Was that what hitting bottom really meant—living out of your car or not caring if people knew you were living out of your car? Which was worse? And did it really matter? Whatever possessions she’d had left had been in the car with her. Now the car was gone and so was everything else.
She tried to lighten the somber mood. “It’s like they say in that old song: ‘I figure whenever you’re down and out, the only way is up.’”
“Don’t even start,” Valerie said. “Give me a break.”
After that they pretty much stopped talking. By the time Valerie
stopped in front of their mother’s faux Victorian house on P Street in Sacramento, it was well after dark. A single lamp was lit in the living room, and Brenda caught sight of her mother sitting in the halo of light. She was just sitting there, waiting. There was no television set glowing in the background. There was no book on her lap. She was simply waiting.
Brenda looked at her sister. “Are you coming in?”
“I guess,” Valerie said. “But only for a minute. If I stay any longer than that, I might say something I’d regret.”
“Thank you for the ride.”
“You’re welcome,” Valerie replied. She didn’t say the rest of it, but she was sure Brenda got the message—just don’t let it happen again.
One week later, again on a Friday afternoon, Mina made another trip to the casino, where she found Enrique Gallegos waiting for her in the bar. He sat in a corner booth with an athletic bag on the banquette between them. After a brief chat, Gallegos walked away, leaving the bag behind.

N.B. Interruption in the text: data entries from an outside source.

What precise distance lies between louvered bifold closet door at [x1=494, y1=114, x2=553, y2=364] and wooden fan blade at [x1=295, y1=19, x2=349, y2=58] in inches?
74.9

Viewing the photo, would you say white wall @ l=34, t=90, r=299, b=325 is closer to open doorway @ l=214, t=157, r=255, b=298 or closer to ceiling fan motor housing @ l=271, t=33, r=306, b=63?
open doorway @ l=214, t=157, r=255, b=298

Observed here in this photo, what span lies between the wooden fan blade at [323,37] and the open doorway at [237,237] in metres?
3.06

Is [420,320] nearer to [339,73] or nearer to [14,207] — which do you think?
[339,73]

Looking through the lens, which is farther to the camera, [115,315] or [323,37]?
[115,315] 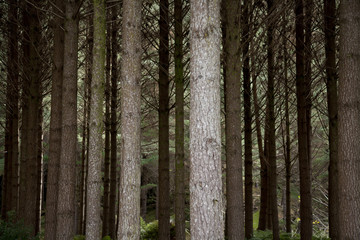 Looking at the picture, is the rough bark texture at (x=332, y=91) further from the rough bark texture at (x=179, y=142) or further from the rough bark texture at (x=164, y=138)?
the rough bark texture at (x=164, y=138)

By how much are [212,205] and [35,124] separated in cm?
655

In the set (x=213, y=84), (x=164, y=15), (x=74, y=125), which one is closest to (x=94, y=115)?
(x=74, y=125)

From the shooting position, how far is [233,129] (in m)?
5.92

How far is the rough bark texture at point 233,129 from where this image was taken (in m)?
5.77

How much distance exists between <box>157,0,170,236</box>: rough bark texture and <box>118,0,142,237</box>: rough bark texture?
8.67ft

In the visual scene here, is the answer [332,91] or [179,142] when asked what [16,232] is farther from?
[332,91]

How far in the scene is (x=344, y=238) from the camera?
4543 mm

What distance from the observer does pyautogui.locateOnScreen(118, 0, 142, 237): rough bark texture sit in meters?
4.47

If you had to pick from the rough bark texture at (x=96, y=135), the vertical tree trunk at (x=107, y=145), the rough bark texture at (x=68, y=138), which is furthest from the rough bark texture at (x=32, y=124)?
the rough bark texture at (x=96, y=135)

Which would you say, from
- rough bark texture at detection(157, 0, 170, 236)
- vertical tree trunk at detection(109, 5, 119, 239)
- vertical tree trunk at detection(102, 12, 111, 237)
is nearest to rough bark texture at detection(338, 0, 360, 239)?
rough bark texture at detection(157, 0, 170, 236)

As Mina drove out of the parking lot, she called Mark. “Did they spring with the cash?” he asked.
“Some,” she said. “Not as much as I wanted but enough to bring Richard Lowensdale on board.” The truth was they had given her exactly what she’d asked for in terms of the cash advance, but she wasn’t going to tell Mark the whole truth about that. He’d find a way to fritter away the money on things he felt were essential—like bringing their mortgage payments up to date.

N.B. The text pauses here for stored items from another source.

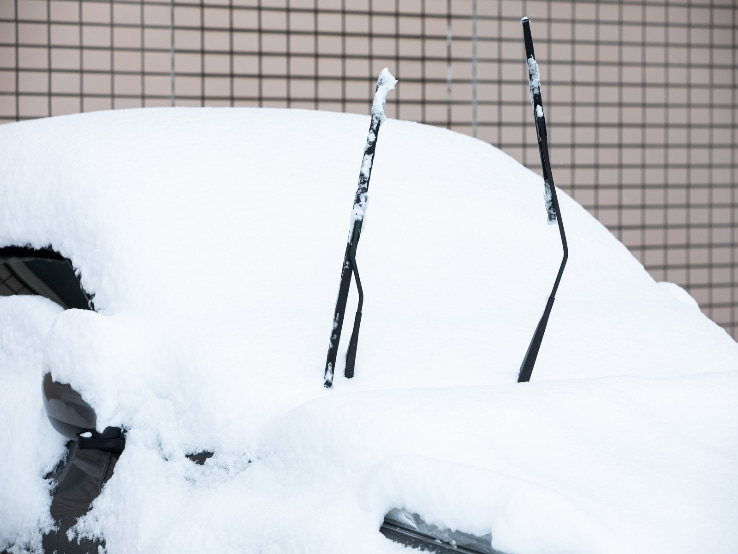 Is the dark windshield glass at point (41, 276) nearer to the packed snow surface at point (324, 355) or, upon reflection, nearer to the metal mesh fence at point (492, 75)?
the packed snow surface at point (324, 355)

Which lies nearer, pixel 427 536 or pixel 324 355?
pixel 427 536

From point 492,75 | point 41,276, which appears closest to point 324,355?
point 41,276

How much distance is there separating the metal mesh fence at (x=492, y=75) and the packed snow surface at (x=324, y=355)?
2.79m

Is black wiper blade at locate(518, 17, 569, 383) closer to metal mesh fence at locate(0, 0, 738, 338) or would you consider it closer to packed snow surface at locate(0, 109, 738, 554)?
packed snow surface at locate(0, 109, 738, 554)

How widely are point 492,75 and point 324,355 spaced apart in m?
4.05

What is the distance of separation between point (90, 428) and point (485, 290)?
32.7 inches

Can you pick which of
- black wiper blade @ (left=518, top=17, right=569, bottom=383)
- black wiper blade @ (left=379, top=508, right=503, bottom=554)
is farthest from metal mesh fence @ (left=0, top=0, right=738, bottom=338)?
black wiper blade @ (left=379, top=508, right=503, bottom=554)

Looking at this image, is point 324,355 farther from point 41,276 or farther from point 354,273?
point 41,276

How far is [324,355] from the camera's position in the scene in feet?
4.88

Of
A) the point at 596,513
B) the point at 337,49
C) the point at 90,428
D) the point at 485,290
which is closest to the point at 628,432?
the point at 596,513

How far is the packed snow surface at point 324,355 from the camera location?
117 centimetres

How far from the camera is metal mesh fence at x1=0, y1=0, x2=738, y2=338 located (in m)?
4.68

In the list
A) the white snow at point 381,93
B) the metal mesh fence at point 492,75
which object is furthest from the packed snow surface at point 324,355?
the metal mesh fence at point 492,75

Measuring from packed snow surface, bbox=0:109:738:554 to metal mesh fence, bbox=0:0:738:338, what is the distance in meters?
2.79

Mark sighed with relief. “So you’re off to see Richard?” It had taken some talking, but she had finally convinced Mark that
Richard was their only hope of resolving their technical problems without bringing in a lot more people.
Mina glanced at her watch. “Yes,” she said. “I’m on my way to the airport. If I can get a flight to Sacramento tonight, I’ll go see Richard in the morning. The sooner we get him started working on this, the sooner we get the rest of our money.”